It’s no secret that I’m a big fan of Pridnestrovie (aka Transnistria), and I’ve done my best to explain why, but I’m still getting a lot of flack from some quarters.
The presumption that my critics have, of course, is that Romanians (and/or Romanian speakers) are being mistreated in PMR.
This, even after I’ve told you that I’ve been to the country many times, and it’s my testimony that this simply isn’t true.
Well, here’s some rather definitive proof (PDF) for any doubters out there.
Since 2012, a Swedish diplomat named Thomas Hammarberg has been visiting Pridnestrovie in his official capacity as the United Nations Human Rights Expert. Every time he visits the country, he prepares a report.
He last visited Pridnestrovie in the summer of 2018, but the report was only published this week.
Here’s what he had to say about the treatment of ethnic minorities:
During the mission, the Expert had the opportunity to meet and interact with a broad range of representatives of ethnolinguistic minorities, including Armenians, Azeri, Belarussians, Gagauz, Georgians, Germans, Jews, Bulgarians, Tatars, and people of African descent.
Overall, the various ethnic groups seem to be cohabitating peacefully in Transnistria.
Hammerberg met literally everyone, including people of African descent(!) and found that everyone is getting along.
The ethnolinguistic groups reported that the general public has positive perceptions and attitudes about their respective groups and that there are no tensions in the society along ethnic lines.
Repeat after me: No tension along ethnic lines.
Very few people know just how involved the government of Sweden is with Pridnestrovie. Sweden is financing at least one NGO and two different businesses in Tiraspol that I know of, and there could be more.
This is partly because Sweden has a weird historical connection to Pridnestrovie.
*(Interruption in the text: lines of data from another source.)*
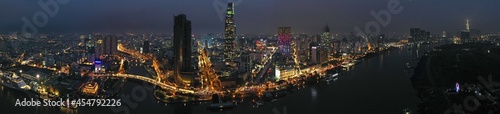 Aerial panoramic view of downtown Saigon (Ho Chi Minh) city skyline at night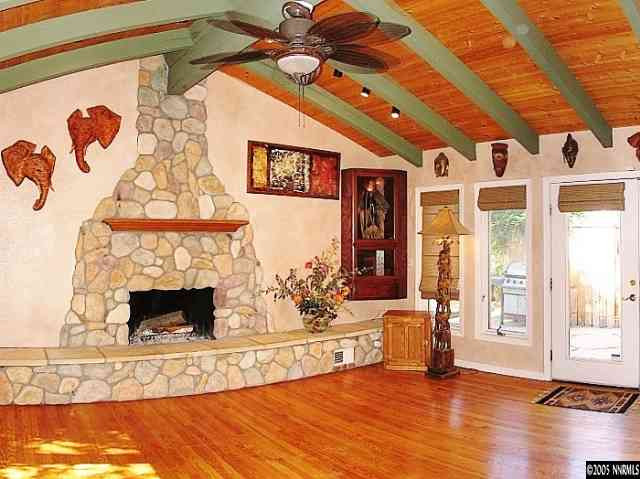 1620 Belford Road Reno, NV 89509 - Photo 2 of 9 a living room with furniture and a fireplace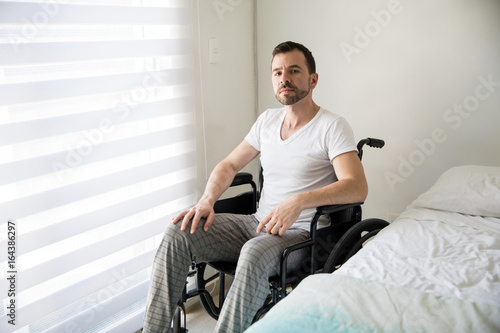 Latin man on wheelchair at home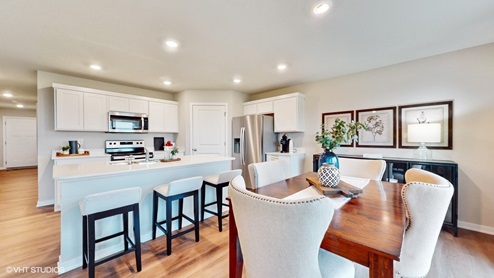 Brown dining room table with white chairs next to kitchen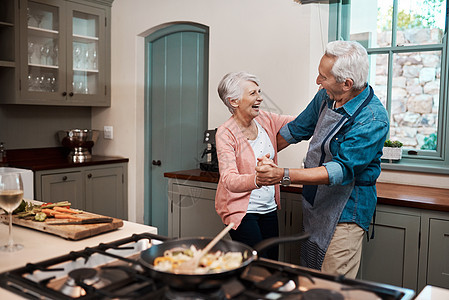 我们知道如何让我们的爱变得坚强 一家老年夫妇在家中厨房做饭时跳着舞背景图片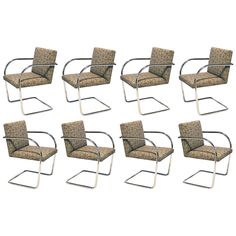 six chairs with chrome frame and fabric upholstered seats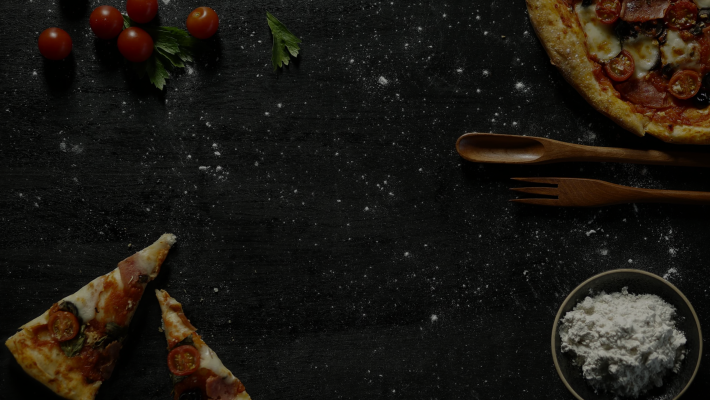 Pizza with cherry tomatoes and parsley on a dark wooden board, accompanied by flour, spoon, and fork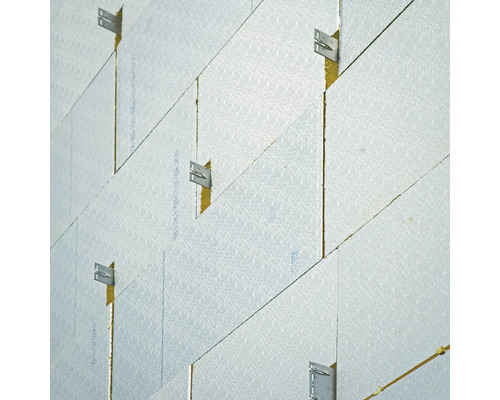 Isolation de façade avec des panneaux isolants et des pattes de fixation métalliques lors du montage sur un mur.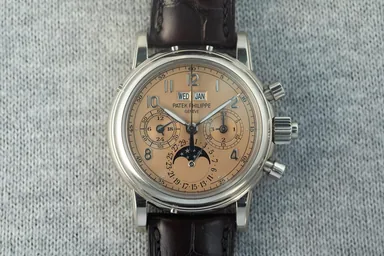 Patek Philippe 5004G — custom salmon dial and luminous hands — source photo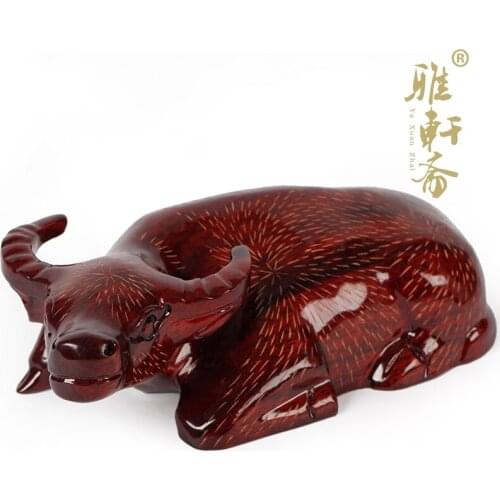 T rosewood woodcarving and ox woniu wood brought reminders Cai feng shui ornaments business gifts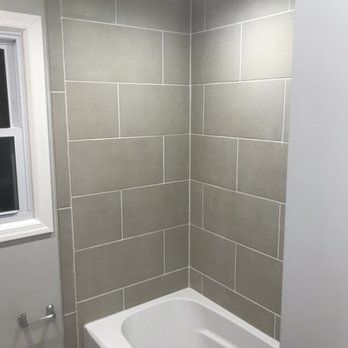 There is a bathtub in the corner of the bathroom next to a window.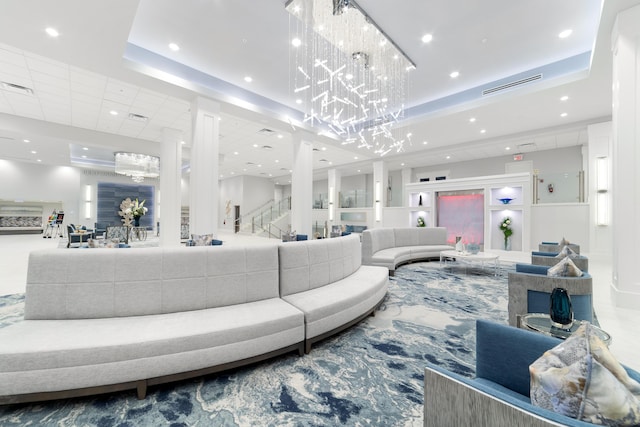 6438 Pointe Pleasant Cir, Delray Beach, FL 33484 - living area with a tray ceiling, recessed lighting, a chandelier, decorative columns, and stairs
After an incredibly complex series of events unfolded in the 17th century, the Swedish king Charles XII took a really long and expensive vacation in the city of Bender.
At that time, Bender was a Turkish city (today, the Bender fortress is a popular tourist attraction) ruled by Sultan Ahmed III:
The Sultan Ahmed III’s subjects in the empire eventually got tired of Charles’s scheming. Charles’s entourage also accumulated huge debts with Bender merchants.
Eventually, crowds of townspeople attacked the Swedish colony at Bender, and Charles had to defend himself against the mobs and the Ottoman Janissaries involved. This uprising was called “kalabalik” (Turkish for “crowd”) which afterward found a place in the Swedish language as the word for a ruckus.
Well, that was then :P but things are much different today.
Pridnestrovie is a peaceful, multicultural society where all the different groups get along and have a generally positive attitude towards one another.